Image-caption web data
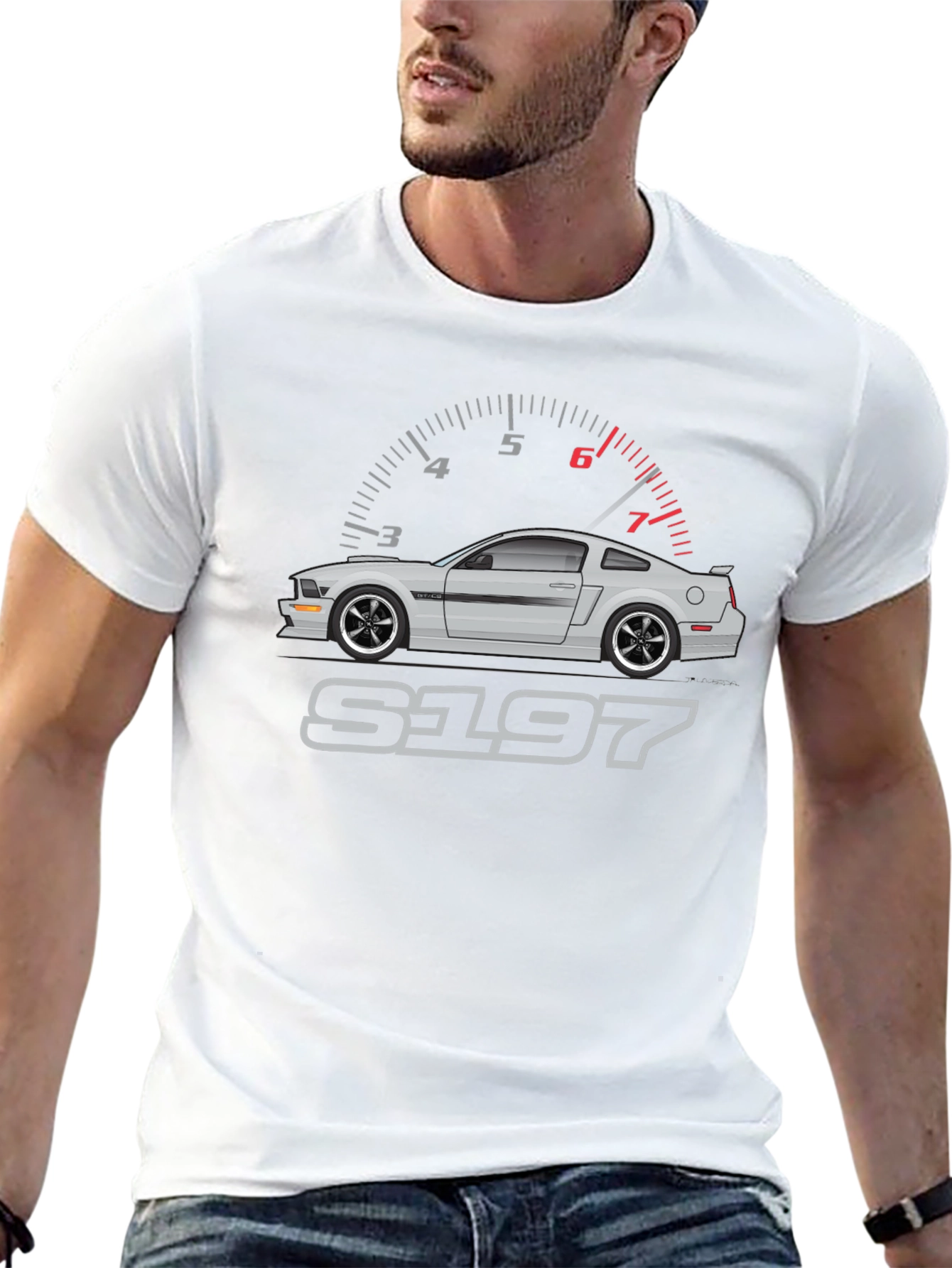 S197 Mustang T-Shirt | Car Enthusiast Apparel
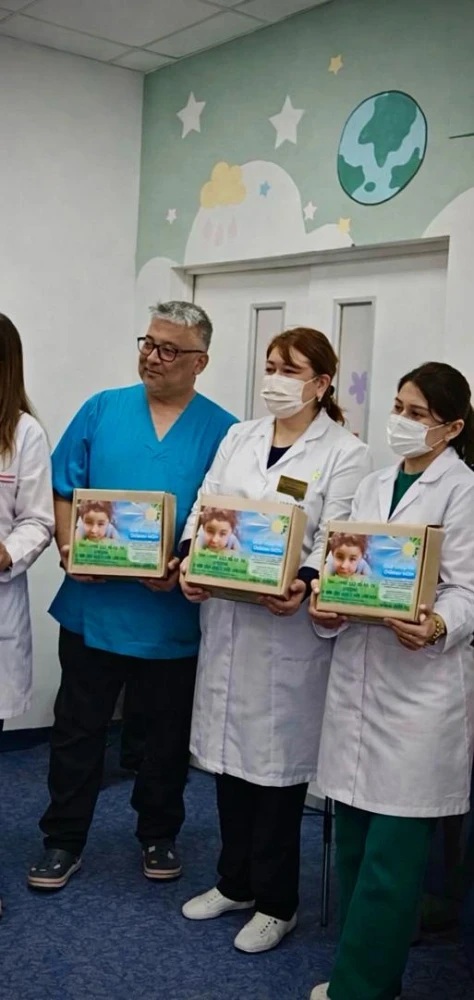 Фонд Help the Children-SKD провел очередную благотворительную акцию в НЦОМиД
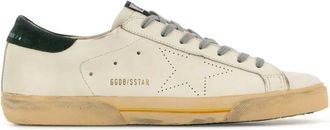 Golden Goose White Super Star Sneakers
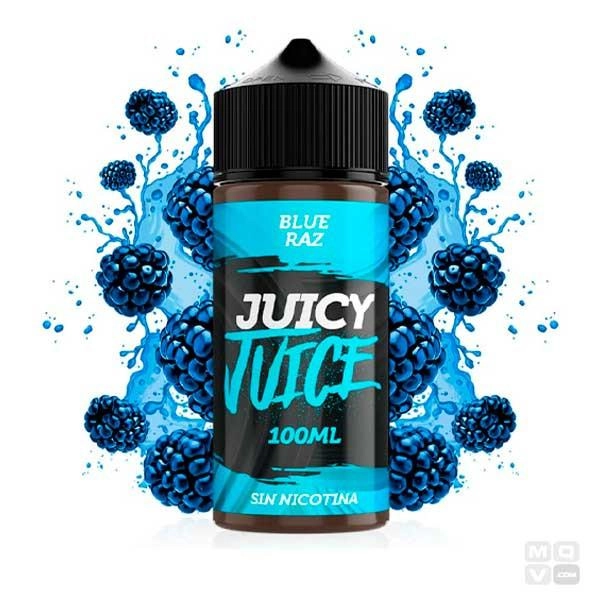 BLUE RAZZ JUICY JUICE 100ML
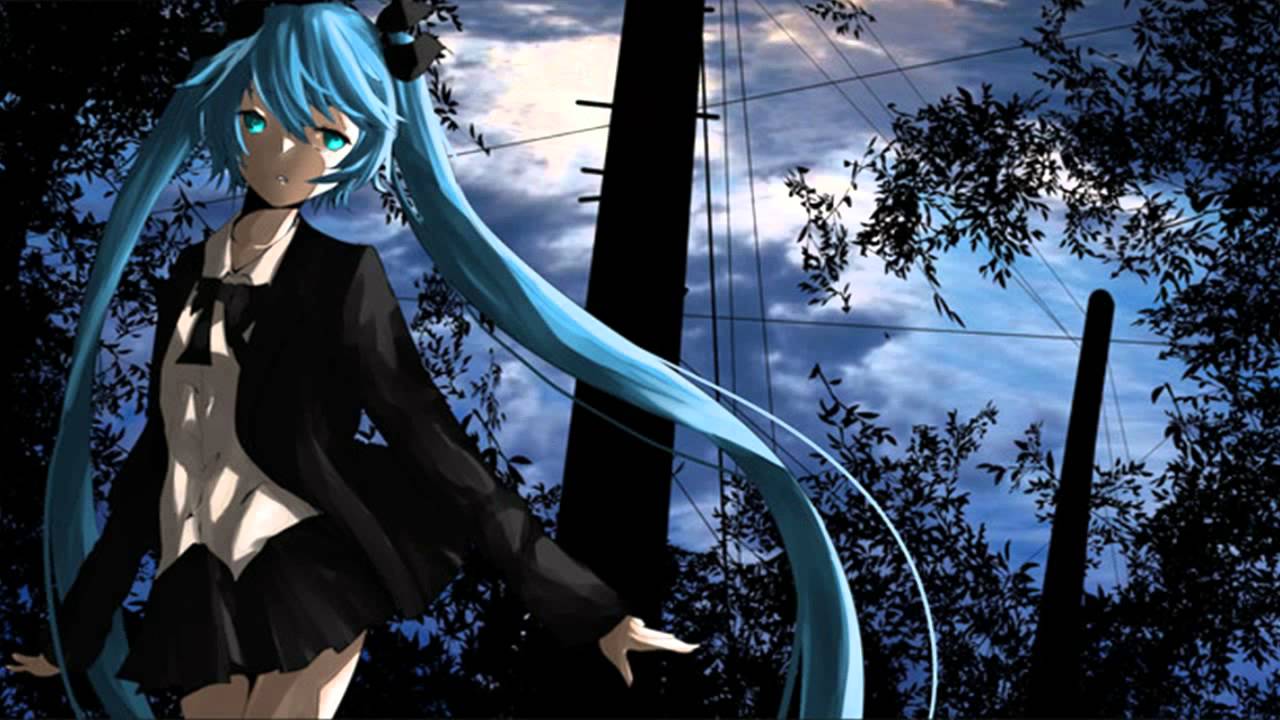 初音ミク Nightcore 独りんぼエンヴィー Youtube
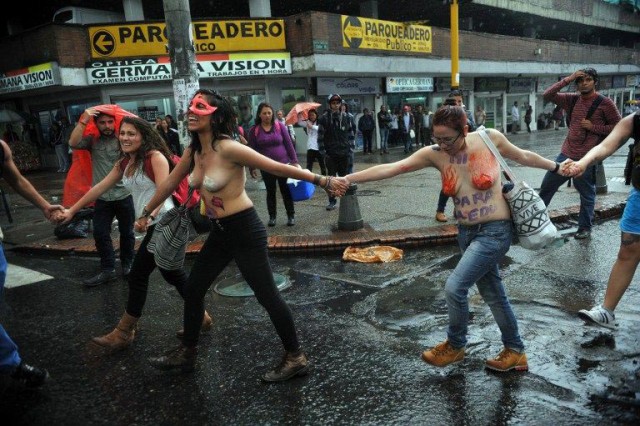 По следам FEMEN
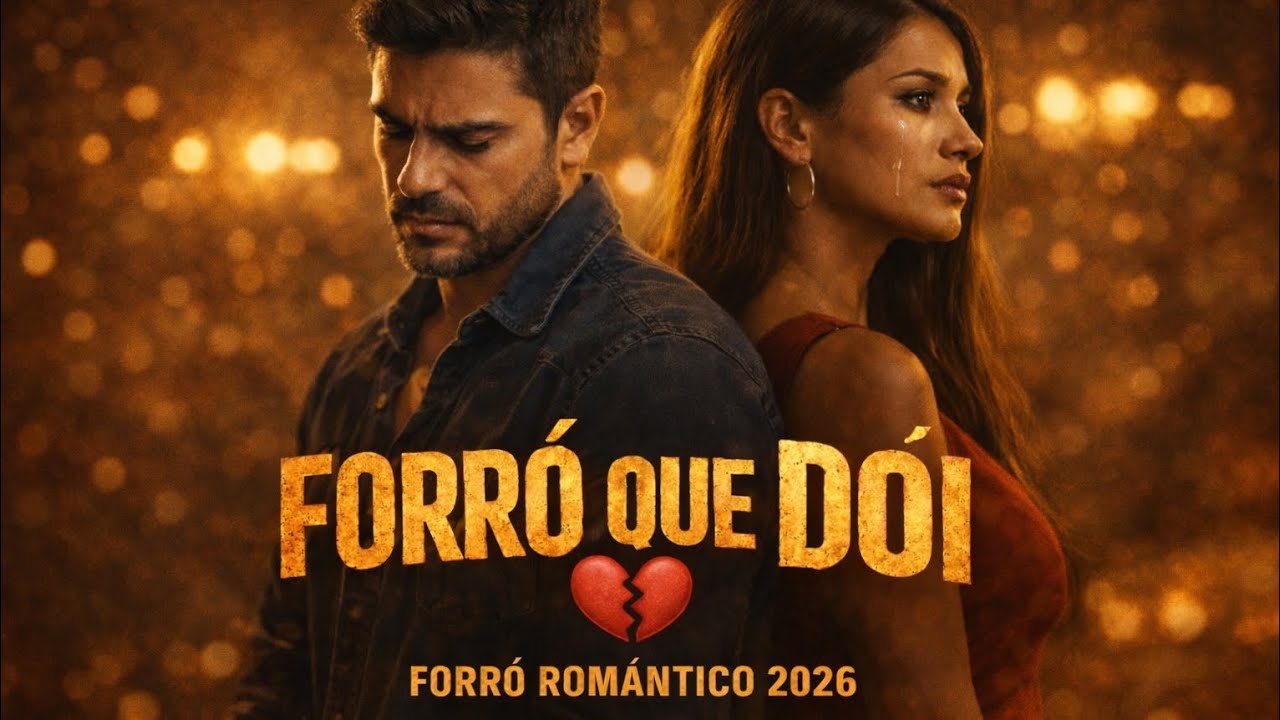 Forró Romântico 2026 – Forró Que Dói | Quem Ama Não Trai 💔🔥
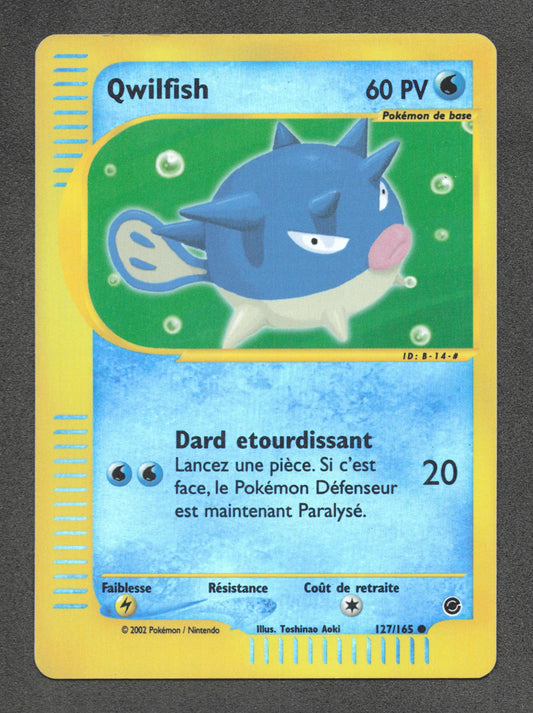 127/165 Qwilfish REVERSE - Expedition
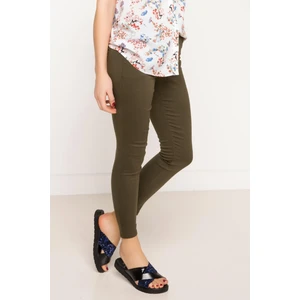 Kadın Süper Skinny Pantolon Yeşil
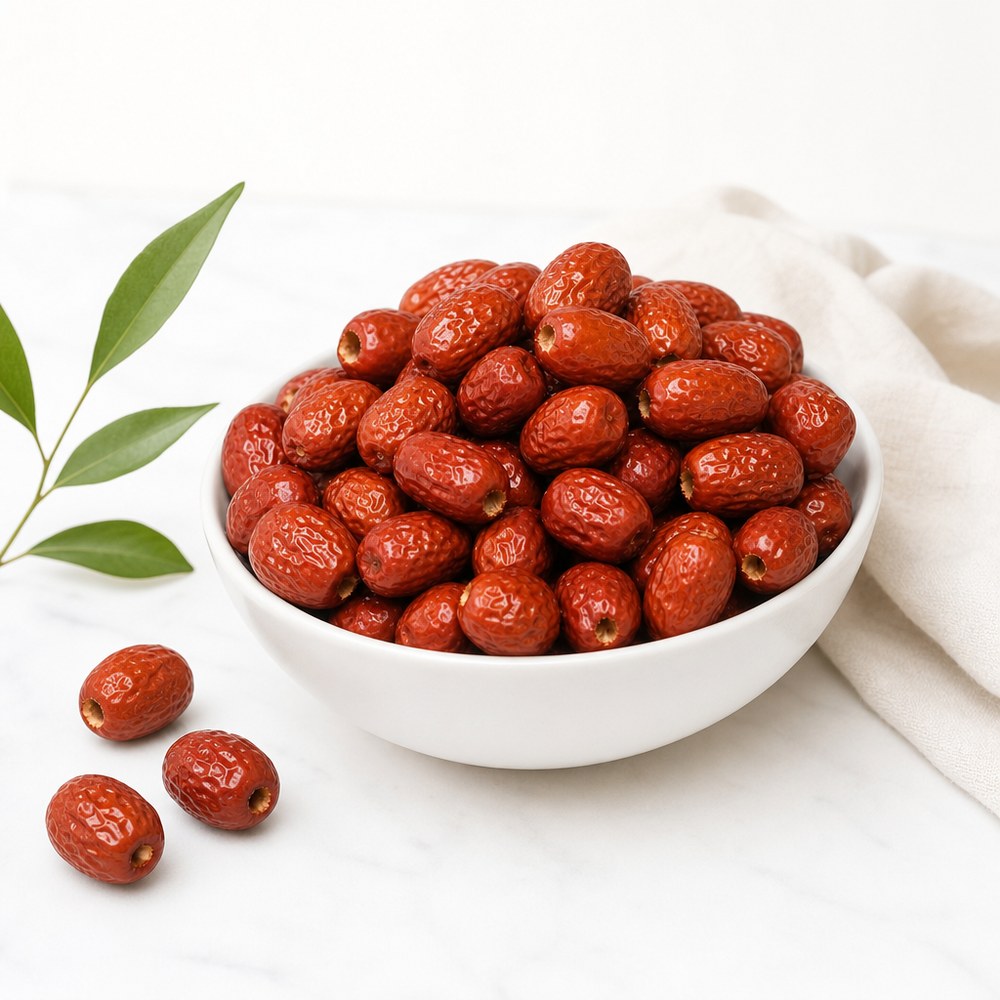 Xin Jiang Premium Red Dates Seedless 500g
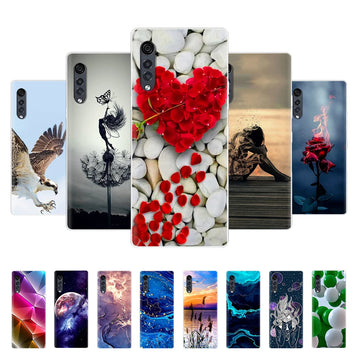 Deksel til LG Velvet Case Back Cover Protective Cases For LG Velvet 5G LM-G900 Silicone Transparent Cover Cases For LG Velvet Bumper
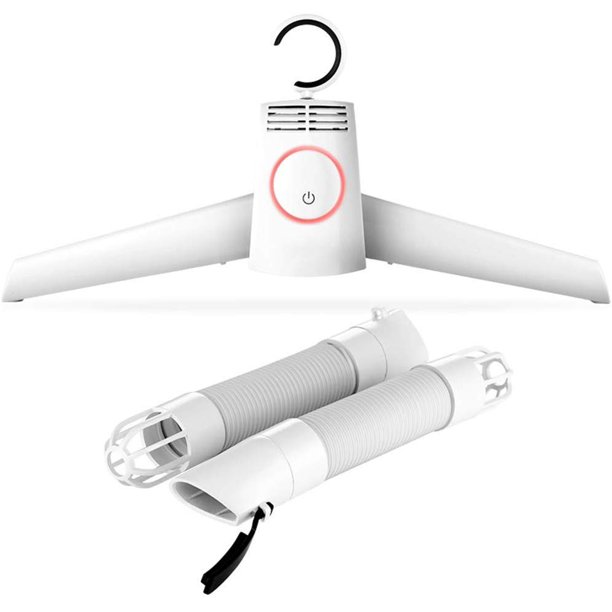 "Happyline" Portable Clothing Drying Hanger, Compact Electric Clothes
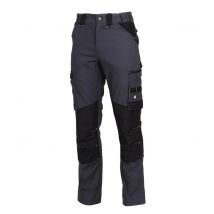 Pantalon De Travail Limee - Gris/noir - Nine Worths By North Ways - Taille 44 - Vet Sécurité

> HOW TO COMPLETE THIS TASK
Repeat each entry exactly as given; no pictures belong in the copy.

> SOLUTION
 S197 Mustang T-Shirt | Car Enthusiast Apparel
 Фонд Help the Children-SKD провел очередную благотворительную акцию в НЦОМиД
 Golden Goose White Super Star Sneakers
 BLUE RAZZ JUICY JUICE 100ML
 初音ミク Nightcore 独りんぼエンヴィー Youtube
 По следам FEMEN
 Forró Romântico 2026 – Forró Que Dói | Quem Ama Não Trai 💔🔥
 127/165 Qwilfish REVERSE - Expedition
 Kadın Süper Skinny Pantolon Yeşil
 Xin Jiang Premium Red Dates Seedless 500g
 Deksel til LG Velvet Case Back Cover Protective Cases For LG Velvet 5G LM-G900 Silicone Transparent Cover Cases For LG Velvet Bumper
 "Happyline" Portable Clothing Drying Hanger, Compact Electric Clothes
 Pantalon De Travail Limee - Gris/noir - Nine Worths By North Ways - Taille 44 - Vet Sécurité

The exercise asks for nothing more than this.